---------- Entries supplied

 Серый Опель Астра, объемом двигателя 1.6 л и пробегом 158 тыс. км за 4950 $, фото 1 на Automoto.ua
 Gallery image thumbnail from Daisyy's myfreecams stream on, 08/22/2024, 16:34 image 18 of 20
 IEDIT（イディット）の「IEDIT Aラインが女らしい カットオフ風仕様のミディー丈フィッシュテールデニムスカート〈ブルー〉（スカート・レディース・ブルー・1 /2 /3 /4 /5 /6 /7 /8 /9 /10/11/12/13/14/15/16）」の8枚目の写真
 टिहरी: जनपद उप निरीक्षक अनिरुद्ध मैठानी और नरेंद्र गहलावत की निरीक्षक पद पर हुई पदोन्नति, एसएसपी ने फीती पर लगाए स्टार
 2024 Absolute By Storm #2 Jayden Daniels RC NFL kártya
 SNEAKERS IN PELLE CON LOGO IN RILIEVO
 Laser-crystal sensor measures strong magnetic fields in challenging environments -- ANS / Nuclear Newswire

--------------------
---------- Entries supplied

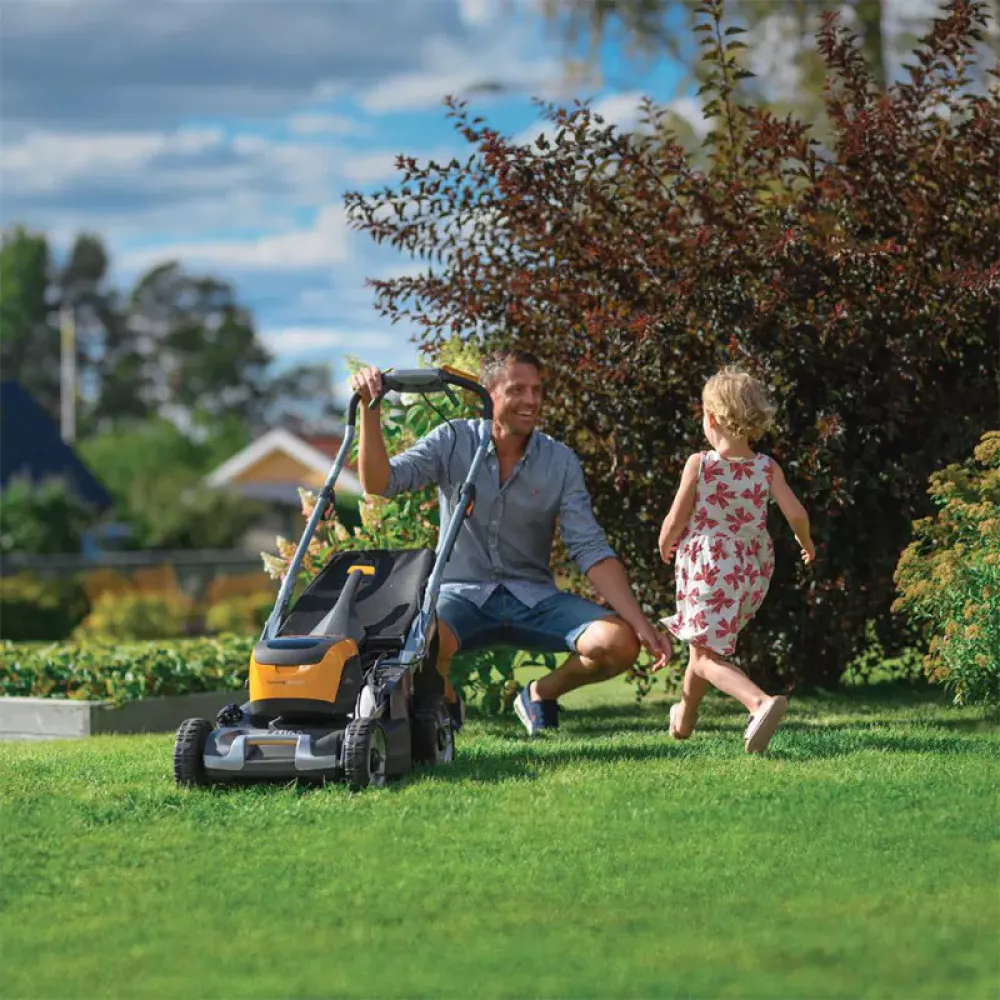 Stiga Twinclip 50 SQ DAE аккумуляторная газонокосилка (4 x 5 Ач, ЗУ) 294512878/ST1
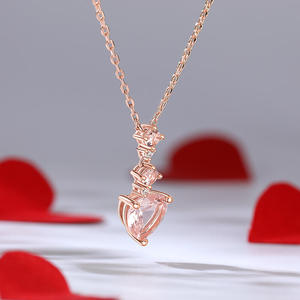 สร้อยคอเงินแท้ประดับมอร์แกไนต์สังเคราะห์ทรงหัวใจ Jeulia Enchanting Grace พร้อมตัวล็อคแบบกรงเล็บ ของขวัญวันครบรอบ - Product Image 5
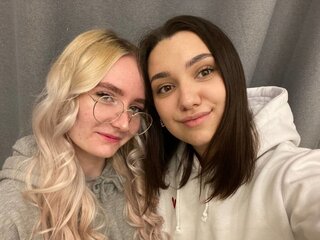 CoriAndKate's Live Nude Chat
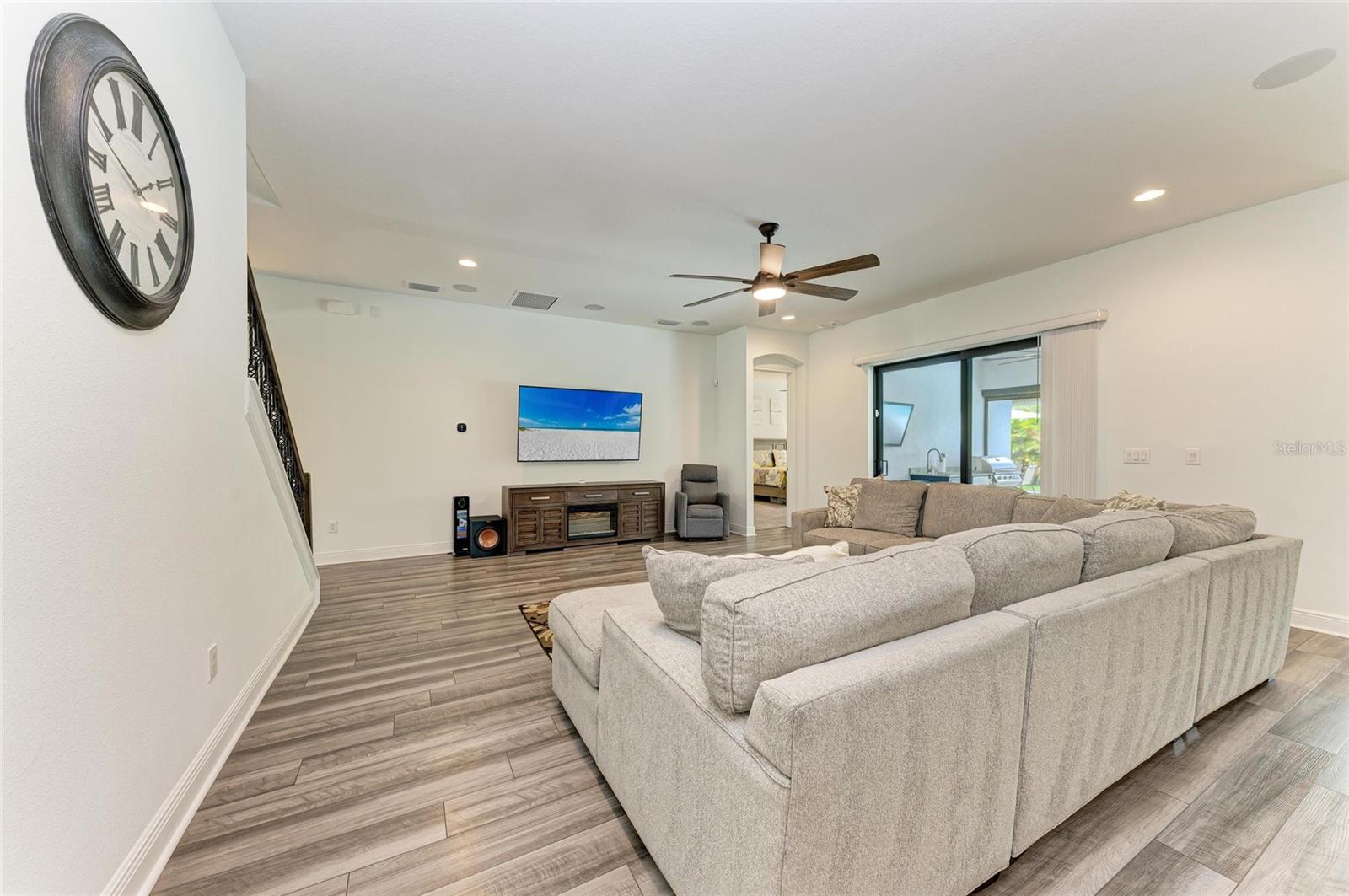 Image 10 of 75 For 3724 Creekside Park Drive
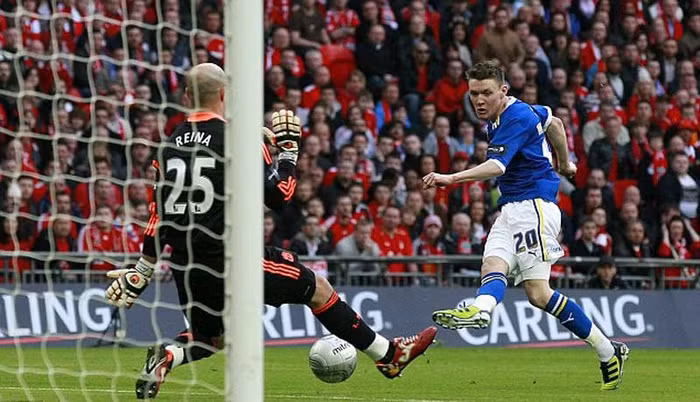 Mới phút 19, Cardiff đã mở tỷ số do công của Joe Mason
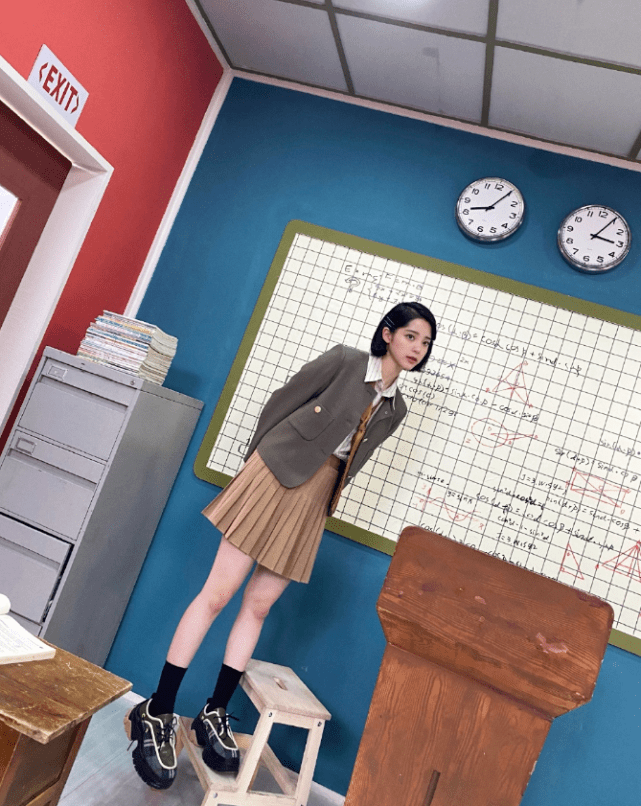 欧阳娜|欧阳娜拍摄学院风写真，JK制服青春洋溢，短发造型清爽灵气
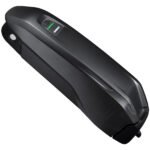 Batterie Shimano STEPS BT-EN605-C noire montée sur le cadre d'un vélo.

--------------------
---------- Entries supplied

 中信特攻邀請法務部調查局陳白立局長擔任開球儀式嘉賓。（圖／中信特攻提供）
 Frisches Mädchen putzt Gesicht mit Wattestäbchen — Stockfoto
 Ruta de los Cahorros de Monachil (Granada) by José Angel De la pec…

--------------------

### Task brief:
Using the entries above, transcribe exactly from the line that has "Mới phút 19, Cardiff" through the line that has "Batterie Shimano STEPS". Pictures are dropped.

### Task answer:
 Mới phút 19, Cardiff đã mở tỷ số do công của Joe Mason
 欧阳娜|欧阳娜拍摄学院风写真，JK制服青春洋溢，短发造型清爽灵气
 Batterie Shimano STEPS BT-EN605-C noire montée sur le cadre d'un vélo.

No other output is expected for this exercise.